The second group of people are those who would not have lived very long at all because of a defect like a bad heart valve or treatable cancer that can now be fixed. Those can be made to live longer now through intervention and some of those will live well into old age because of modern medicine.
Life expectancy for humans has gone up a lot over the past 200 years and even over the past fifty but the maximum human life span has remained completely fixed at about 120 years since we began. The only difference is the number of people that make it into the extreme ages today. People over 100 years old today however did not have access to the same level of medical care that we do even when they were middle aged or older and many didn’t ever have major surgery to save their life. They are just statistical outliers.
My great-great grandfather was one of the last surviving Civil War soldiers and died in 1949 at 100. He probably would have lived longer if he cut down on the lifelong excessive drinking and smoking. He never had surgery and hated doctors. His grandson, my grandfather, is 86 and still runs his own company, drives cross-country, and visits Las Vegas at least three times a year. He sounds like he is 50 years old at most on the phone. He has three older siblings that are the same way. None of them have ever had surgery to fix a life threatening internal issue.
A lot will depend on how you define major surgery. What about a tonsillectomy, for example?
Similarly, my mother will be 80 next year. A few years ago she had a knee replacement. The knee replacement was definitely major surgery, and it certainly improved her quality of life, but I see no reason she wouldn’t have lived until 80 without it. So how would you count situations like hers?
I don’t believe any of my grandparents who made it to 80 had any major surgery.

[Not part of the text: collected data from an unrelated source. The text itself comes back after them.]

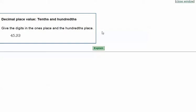The name of this topic is decimal place value tenths and hundredths. We're asked to give the digits in the ones place and the hundredths place. It's important to know this: when they say the word 'hundredths' with 'th' on the end, that's going to mean behind the decimal point. If it did not have the 'th' on the end, that would mean in front of the decimal point.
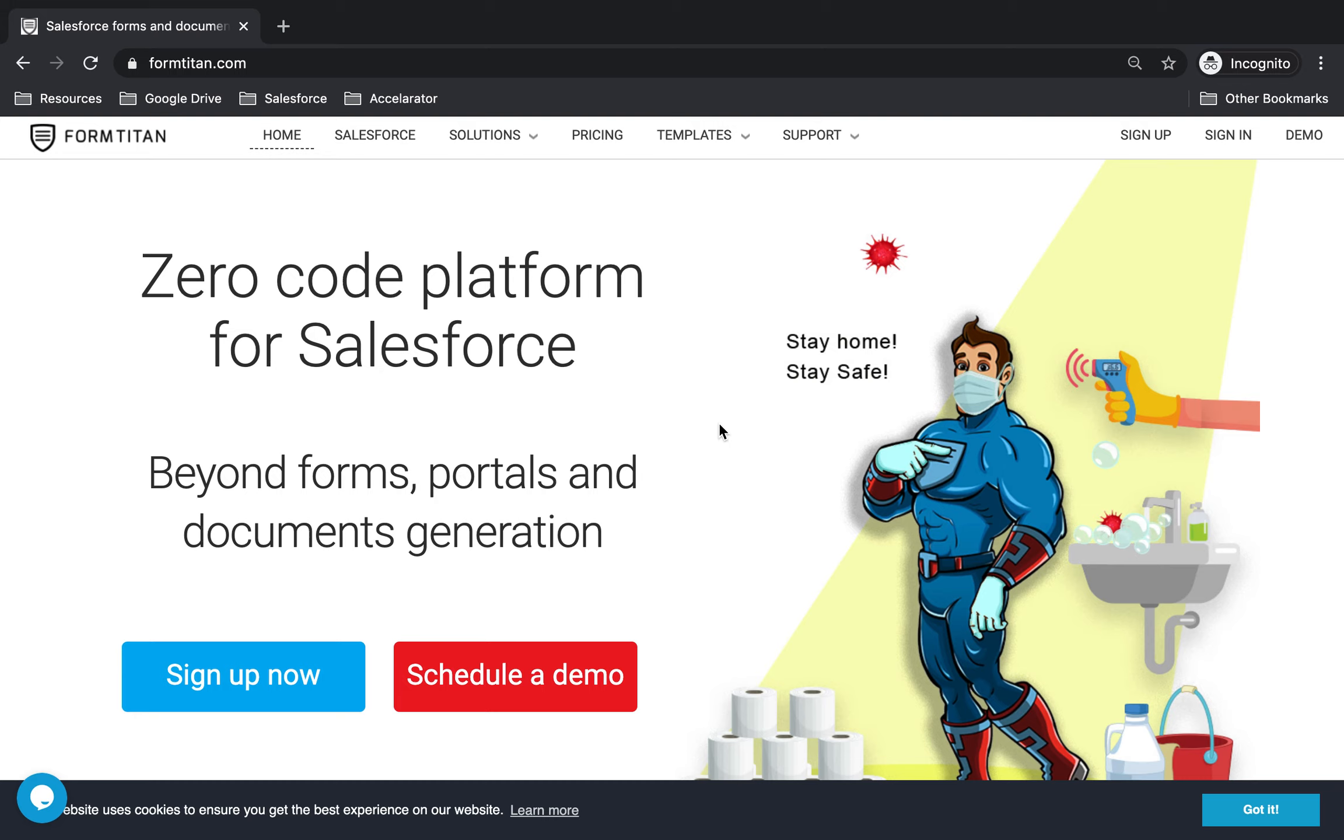Welcome to another video. In this video, I will show you how to sign up and what are the different ways to sign up. So let's get started.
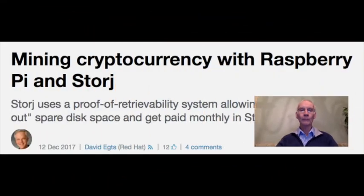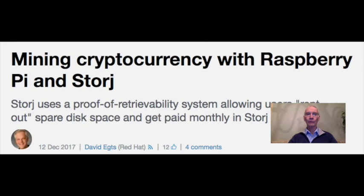At number four: mining cryptocurrency with Raspberry Pi in storage. Are you looking for a way to monetize your Raspberry Pi? This article is for you. David Aggetts of Red Hat is always looking for ways to map hot technologies to fund educational classroom use. You will be fascinated with his ideas for mining cryptocurrencies.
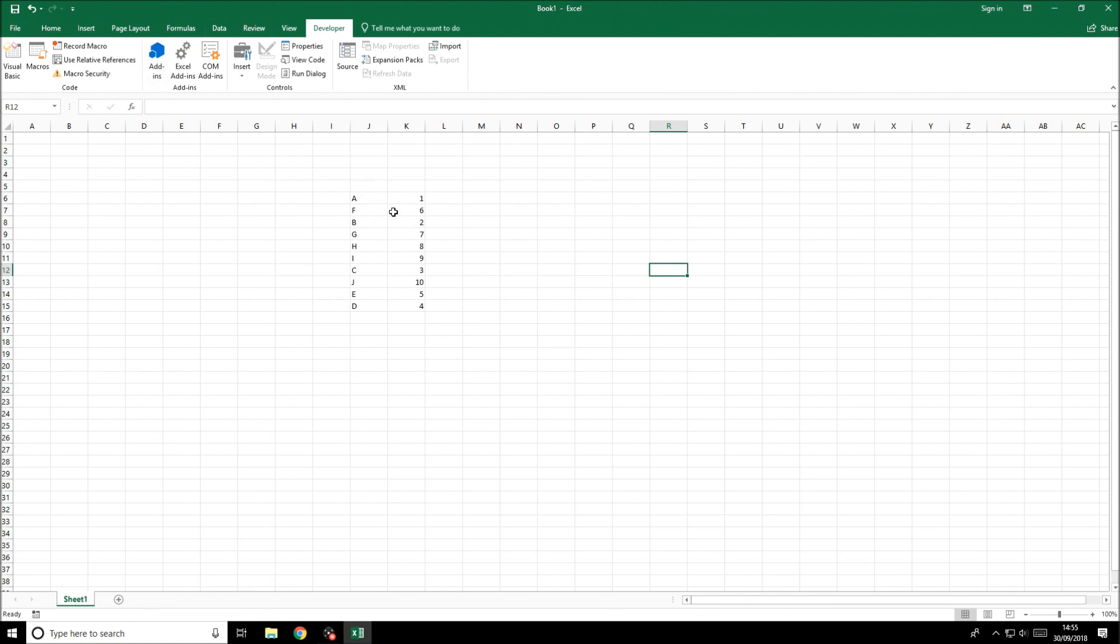To sort this data we obviously need to know how we want to sort it. If we wanted to sort it into letters alphabetically we can do that and we can also do it numerically as well.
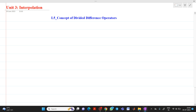Hello friends, my name is Chinmay Deshpande. In this video lecture, we are going to discuss about a topic from interpolation. The name of the topic is the concept of the divided difference operator.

Neither has my mother, who will be 81 in a few days.
Hmmm… My dad had a stent inserted (which didn’t work) then angioplasty, which has been fine for about 15 years. Do you define that as major? They’re messing with his heart blood vessels, but the invasiveness factor is pretty low. OTOH, he had the old-fashioned gall bladder surgery 20 years ago, which looks awful but is probably not classified as major in terms of what it affects. Whereas, one of my other family members just had cataract surgery in her late 80’s; another insignificant and not invasive procedure, but with a huge quality-of-life benefit.

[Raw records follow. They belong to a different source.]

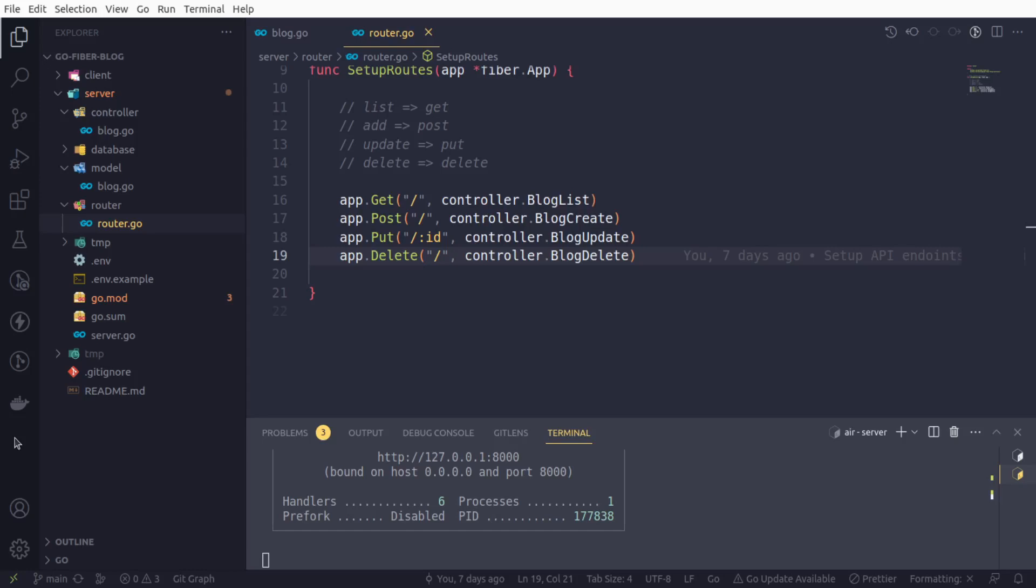Hello friends, I am Neeraj, welcome to the new episode of API development using GoFiber framework. We have already worked on our get route, post route, put route, and now it's time to work on delete route.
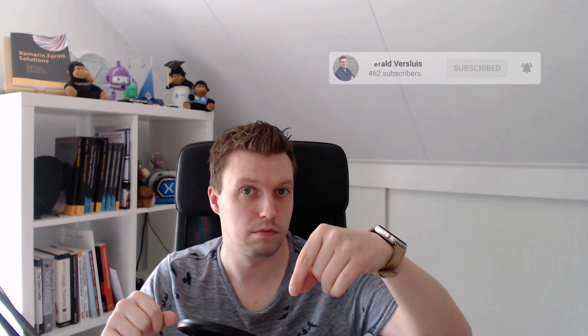Did you subscribe yet? You did now. Okay, continue.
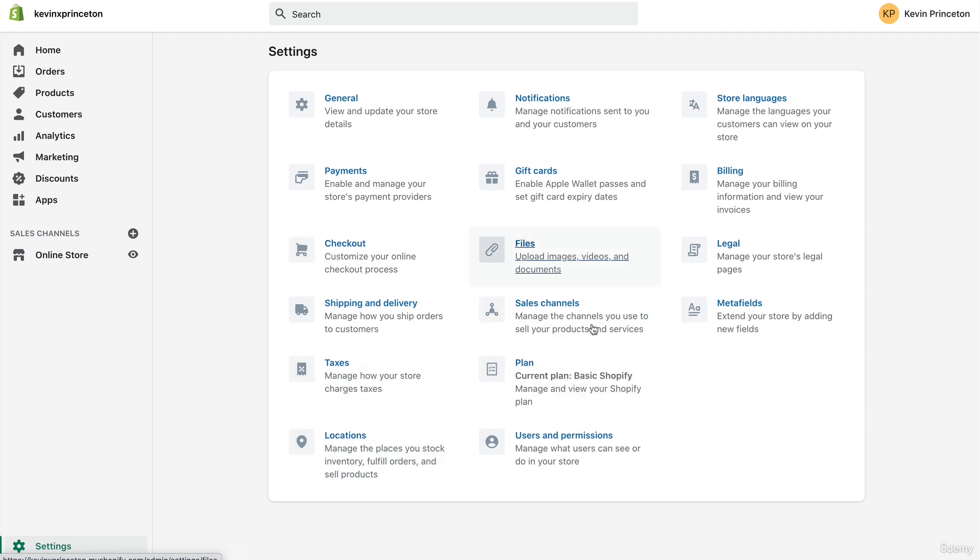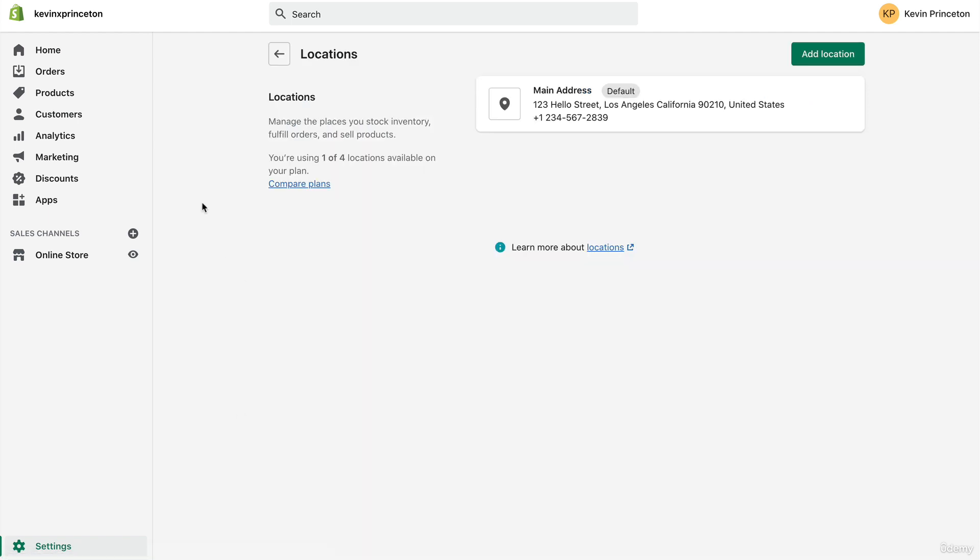It should bring you to a page that looks like this. Then you're going to click Locations right here. Generally, the location is going to help calculate two things: your shipping costs and also your sales taxes in certain cases depending on where you live.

And I think that is part of what you are going to find - as time goes on, the number of “major” procedures that can be replaced with less invasive ones will expand. Fancier drugs and targetted radiation replace major removal surgery for cancers; heart procedures will be threaded through the blood vessels instead of sawing open the chest. I suspect soon there will be alternative treatments to replace knees and hips instead of ripping it all out and inserting titanium. Who knows what benefits we might gain from stem cells? Gall bladders are now removed with 2 or 3 little holes on the stomach instead of slicing the abdomen wide open.
It’s been my rough observation that about half the time, the onset of some major surgery is just the beginning of the end for someone over 80; the whole body is starting to fail, and there’s a cascade effect that the person never really recovers from that major crisis that originally landed them in hospital. They may hang on for a few months or even years, but they are not the same independent active person they used to be.